A major loss for the brigade was the death of Major George Nathan, killed by a random bomb from a Junker as the XVth was withdrawing from the battle. Spiffy and regimental to the end, during lulls in the battle he entertained visitors at lunch under shaded oak trees, offering them sliced tomato salad and fruit jam, served on a table carefully laid by his batman, whom he kissed and fondled openly. His funeral drew a distinguished crowd, for he was admired by Soviet "observers" for his "cool arrogance under fire," even though he had been refused membership in the Communist Party because of his sexual orientation.

(3) Eslanda Goode diary entries while in Spain visiting the International Brigades in January 1938.

Monday 31st January: We had a good talk over lunch and afterwards over coffee in the lounge, and then we went off to the border. Fernando, in civilian dress, accompanied us, and Lt. K., armed in full uniform, was our official escort.

As we drove along, Lt. K. got talking and told us the story of Oliver Law. It seems he was a Negro - about 33 - who was a former army man from Chicago. He had risen to be a corporal in the US Army. Quiet, dark brown, dignified, strongly built. All the men liked him. He began here as a corporal, soon rose to sergeant, lieutenant, captain and finally was commander of the Battalion - the Lincoln-Washington Battalion. Lt. K. said warmly that many officers and men here in Spain considered him the best battalion commander in Spain. The men all liked him, trusted him, respected him and served him with confidence and willingly.

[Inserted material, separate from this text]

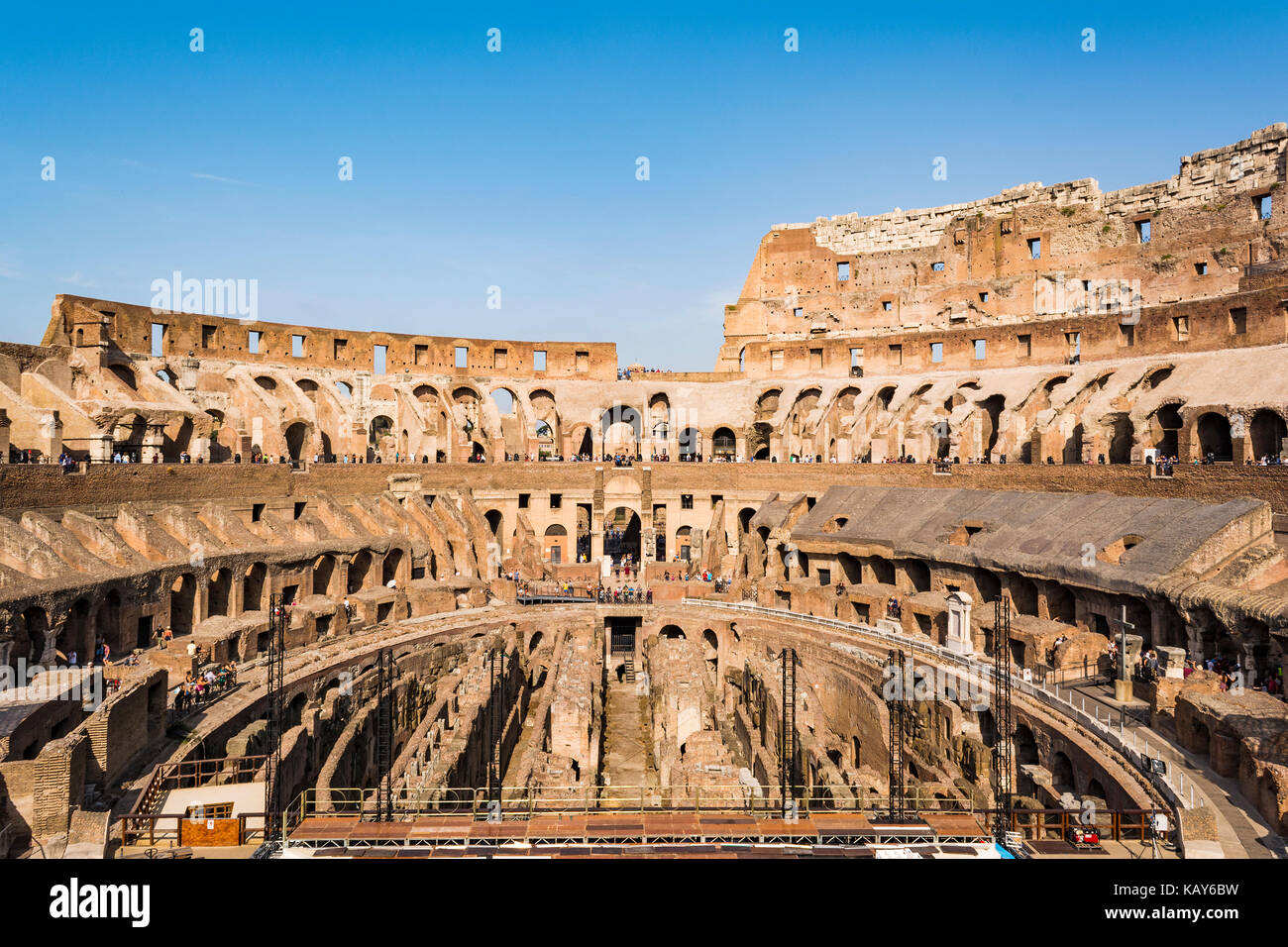 Innenraum des Kolosseum, Rom. Auch bekannt als dem flavischen Amphitheater ist eine ovale Amphitheater im Zentrum der Stadt Rom, Italien. Stockfoto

Lt. K. tells of an incident when the battalion was visited by an old Colonel, Southern, of the US Army. He said to Law - 'Er, I see you are in a Captain's uniform?' Law replied with dignity, 'Yes, I am, because I am a Captain. In America, in your army, I could only rise as high as corporal, but here people feel differently about race and I can rise according to my worth, not according to my color!' Whereupon the Colonel hemmed and hawed and finally came out with: 'I'm sure your people must be proud of you, my boy.' 'Yes,' said Law. 'I'm sure they are!'

Lt. K. says that Law rose from rank to rank on sheer merit. He kept up the morale of his men. He always had a big smile when they won their objectives and an encouraging smile when they lost. He never said very much.

Law led his men in charge after charge at Brunete, and was finally wounded seriously by a sniper. Lt. K. brought him in from the field and loaded him onto a stretcher when he found how seriously wounded he was. Lt. K. and another soldier were carrying him up the hill to the first aid camp.

On the way up the hill another sniper shot Law, on the stretcher; the sniper's bullet landed in his groin and he began to lose blood rapidly. They did what they could to stop the blood, hurriedly putting down the stretcher. But in a few minutes the loss of blood was so great that Law died.